(Records from a collection)
☆ ☆ ☆ ☆ ☆ ☆ ☆

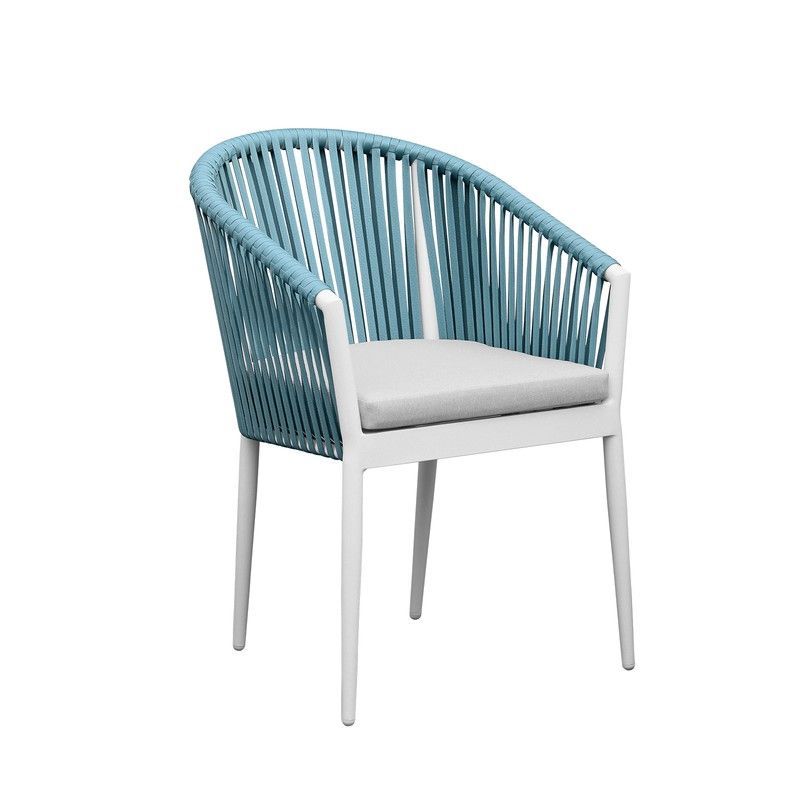 Sillón de jardín de aluminio y cuerda en blanco y aguamarina, 57 x 59 x 81 cm | Ukiak
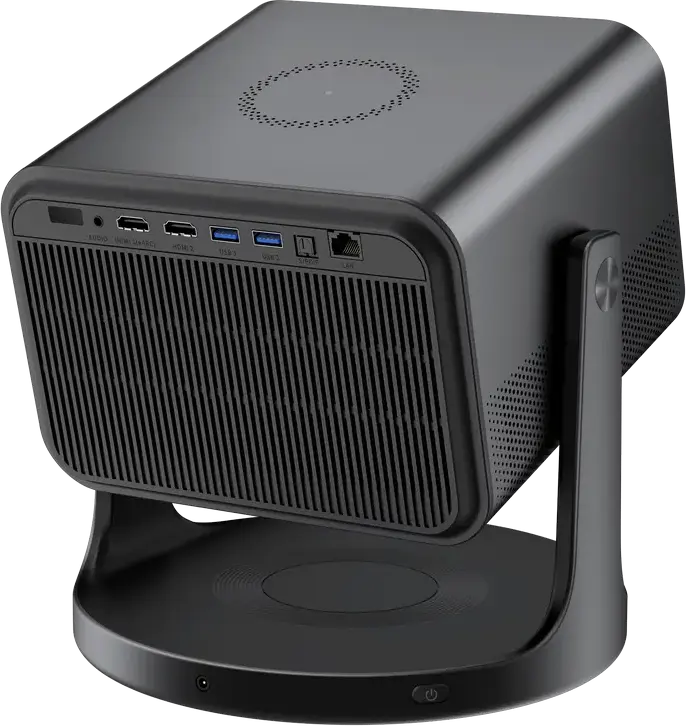 Proiector Mini Laser Hisense C3 4K UHD, Sursa Tripla Laser, 2500 ANSI Lumeni, DLP, HDR10+, Dolby Vision, IMAX Enhanced, Suport Gimbal 360, Argintiu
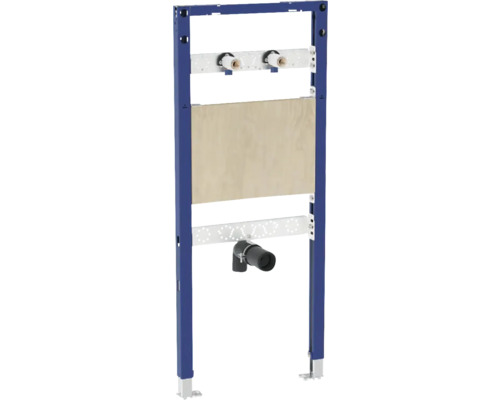 WC-Vorwandelement mit blauer Rahmenkonstruktion, Montageplatte und Anschlüssen für die Sanitärinstallation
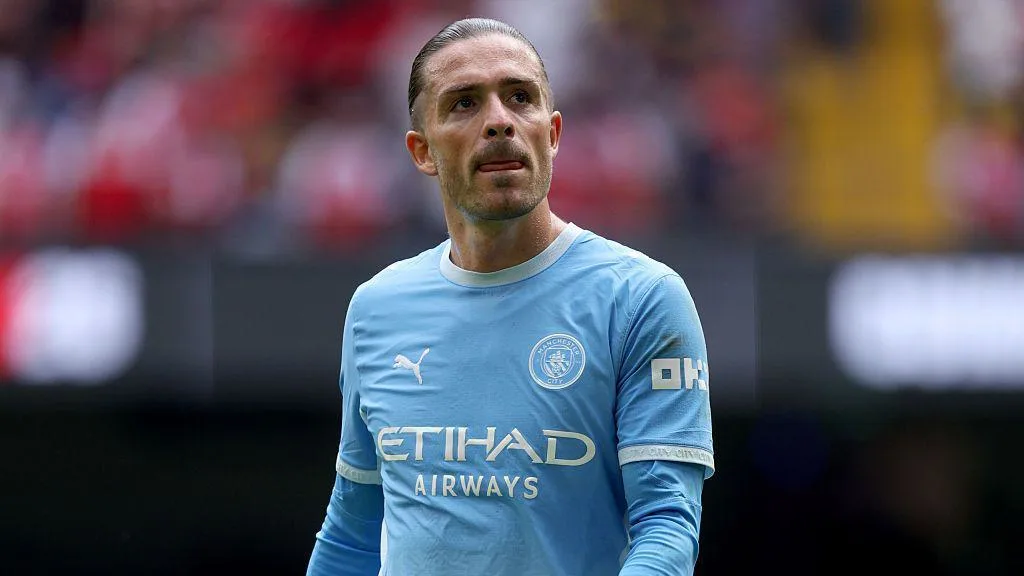 Jack Grealish saat memperkuat Manchester City dalam ajang Community Shield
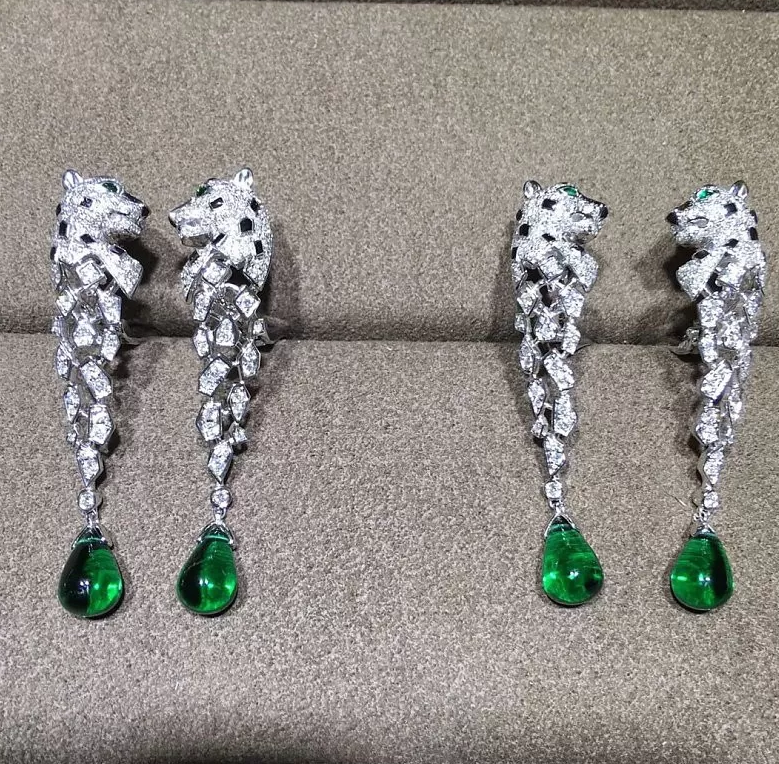 Inspired Panthere De Cartier Earrings 18k White Gold With Diamonds Emeralds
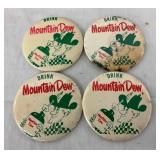 4 DRINK MOUNTIAN DEW BUTTONS W/ WILLIE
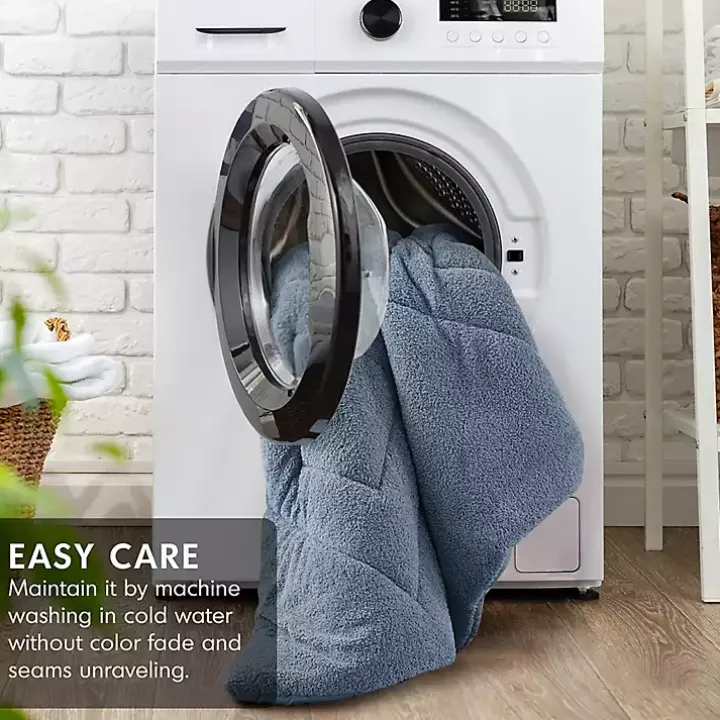 Blue Quilted Teddy 2-pc. Twin Comforter Set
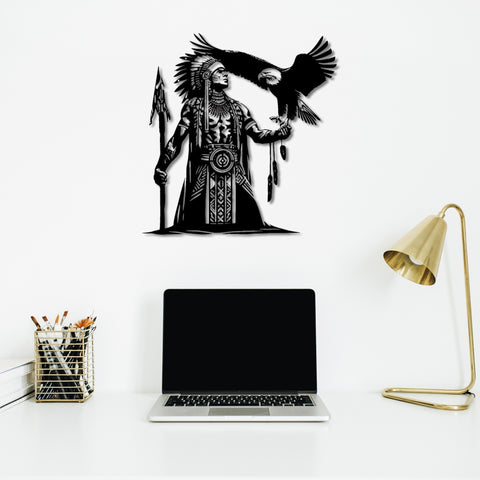Tribal Spirit Eagle and Warrior Metal Wall Art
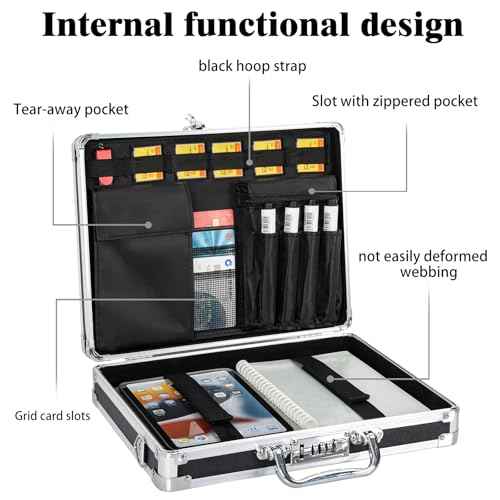 Aluminum Briefcase, Key Lock Clipboard Storage Box, Lockable Storage Case with Foot pad and Corner Protectors, 13x 10x 2.75 inch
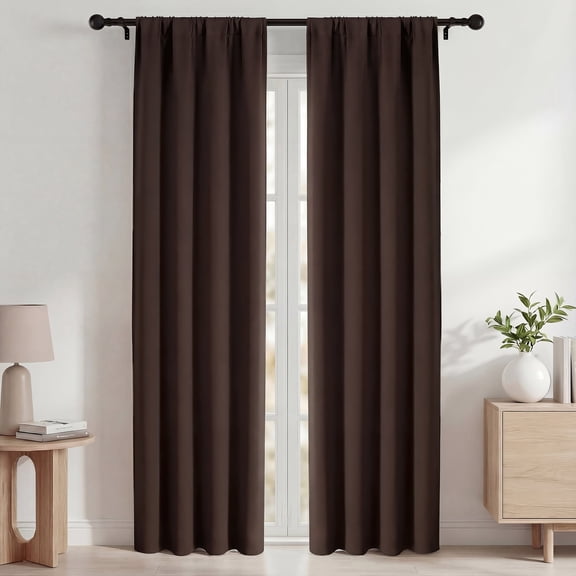 Blackout Curtains, Thermal Insulated Blackout Curtains 42x84 in, Room Darkening Rod Pocket Drapes for Living Room Bedroom, Noise Reduction Window Treatment Panels set of 2, Brown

☆ ☆ ☆ ☆ ☆ ☆ ☆

What is expected: Without carrying over any picture, write out the entries above once more, exactly.

Result for this exercise:
 Sillón de jardín de aluminio y cuerda en blanco y aguamarina, 57 x 59 x 81 cm | Ukiak
 Proiector Mini Laser Hisense C3 4K UHD, Sursa Tripla Laser, 2500 ANSI Lumeni, DLP, HDR10+, Dolby Vision, IMAX Enhanced, Suport Gimbal 360, Argintiu
 WC-Vorwandelement mit blauer Rahmenkonstruktion, Montageplatte und Anschlüssen für die Sanitärinstallation
 Jack Grealish saat memperkuat Manchester City dalam ajang Community Shield
 Inspired Panthere De Cartier Earrings 18k White Gold With Diamonds Emeralds
 4 DRINK MOUNTIAN DEW BUTTONS W/ WILLIE
 Blue Quilted Teddy 2-pc. Twin Comforter Set
Tribal Spirit Eagle and Warrior Metal Wall Art
 Aluminum Briefcase, Key Lock Clipboard Storage Box, Lockable Storage Case with Foot pad and Corner Protectors, 13x 10x 2.75 inch
 Blackout Curtains, Thermal Insulated Blackout Curtains 42x84 in, Room Darkening Rod Pocket Drapes for Living Room Bedroom, Noise Reduction Window Treatment Panels set of 2, Brown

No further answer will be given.